Turns out, that I doubt I could hack it. Here's why.

The unit has two CheerTEK parts in it. A CT-950A and a CT-978. These two are the display engine and "CPU" for the box. However, there's no documentation available on these parts, or prior parts in the same family. There appears to be only 16MB RAM and no ROM/flash chips I could find.

It is kind of a shame because the box has USB, CF and SD slots. One could imagine replacing the firmware that's inside it with firmware that did a wireless connection to a network drive to get the pictures off one folder. There's also two unpopulated headers. One looks like it is either serial or JTAG. The second one is for IIC control. These could make hacking on this box relatively easy, but the total lack of documentation makes doing anything with it a non-starter.

I hope others have better luck, but I'm returning mine. It is too wimpy a photo frame, and there's no way to bend it to my needs.

20061130

SPI and IIC into head

After discovering a number of embarassing typos, I've recently committed support for the AT91RM9200 to head for iic and spi.

The only wrinkle in the SPI integration was that i had to make it polled. When I made it use the interrupt handler, I had random corruption for reasons that are still unknown.

For the moment, the code that deals with the dataflash assumes that it is an 8MB part. This will change in the future as I get more experience with other parts.

20061127

Clonable Devices

I've seen questions on clonable devices come up from time to time. When do you want to use a clonable device? There are many times. The most common is to get 'per-open' semantics from a driver. Linux has this by default, but the structure of the vfs system in FreeBSD makes supporting it directly very difficult. Clonable devices are also useful when you want to open /dev/foo and dynamically create /dev/foo0, /dev/foo1, etc. Or when you want to have all attempts to open /dev/rodent/* succeed, yet you don't wish to enumerate all possible devices. I've heard some folks say that they want an open of /dev/tcp/client/hostname to connect to hostname, for example, and you can't enumerate all hostnames. I'll not comment on the wisdom of that design, but it is one that people understand.

Cloning it a bit underdocumented right now, as is most of the cdevsw interaction. But here's a sketch.

First, you need to register a clone event handler. There is one of these for your driver, even if it has multiple instances. The method I recommend is doing it in your attach routine if you haven't done so yet, and removing it in your detach routine:

static eventhandler_tag ehtag;
static int ehtagref;

int
foo_attach(device_t)
{
...
if (ehtag == NULL)
ehtag = EVENTHANDLER_REGISTER(dev_clone, foo_clone, 0, 1000);
ehtagref++;
...
}

int
foo_detach(device_t)
{
if (--ehtagref == 0 && ehtag != NULL)
EVENTHANDLER_DEREGISTER(dev_clone, ehtag);
}

You are then setup with a clone handler that gets called in response to all /dev/ opens that don't already have a static entry in /dev. This is a big magical, but apart from files not appearing in ls it works out well.

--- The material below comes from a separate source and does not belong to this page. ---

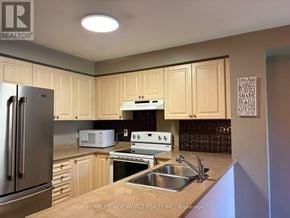 Ajax (South East) townhouse for rent - A kitchen with wooden cabinets and a stainless steel refrigerator.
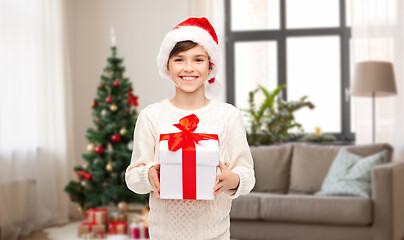 Image showing happy boy in santa hat with christmas gift at home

static struct clonedevs *foo_dev_clones = NULL;

/* Clone device */
static void
foo_dev_clone(void *arg, struct ucred *cred, char *name, int namelen,
struct cdev **dev)
{
if (*dev != NULL)
return;
/* If you want a /dev/foo control device */
if (strcmp(name, "foo") == 0)
unit = -1;
else if (dev_stdclone(name, NULL, "foo", &unit) != 1)
return; /* Bail on names we don't know */

/* find any existing device, or allocate new unit number */
if (clone_create(&foo_dev_clones, &foo_dev_cdevsw, &unit, dev, 0)) {
*dev = make_dev(&foo_dev_cdevsw, unit2minor(unit),
UID_ROOT, GID_WHEEL, 0600, "foo%d", unit);
if (*dev != NULL) {
dev_ref(*dev);
(*dev)->si_flags |= SI_CHEAPCLONE;
}
}
}

Your open routine will then get the new dev and you can save stuff off in it.


Finally, I'm looking for a good way to edit my posts so that the code comes out indented correctly. If anybody know how to do this, please let me know.

20061007

SD performance

After tweaking, I was able to get the SD performance up to 750kB/s. This was accomplished by reducing the number of commands I sent to the card, as well as upping the clock rate. I also turned off INVARIANTS and WITNESS. Here's the numbers at each step: baseline: 200kB/s. Double clock rate: 220kB/s. Remove INVARIANTS and WITNESS: 340kB/s. Remove STOP and useless select commands: 750kB/s. I think could squeeze a little more out by tightening up the code, but not more than 1 or 2kB/s.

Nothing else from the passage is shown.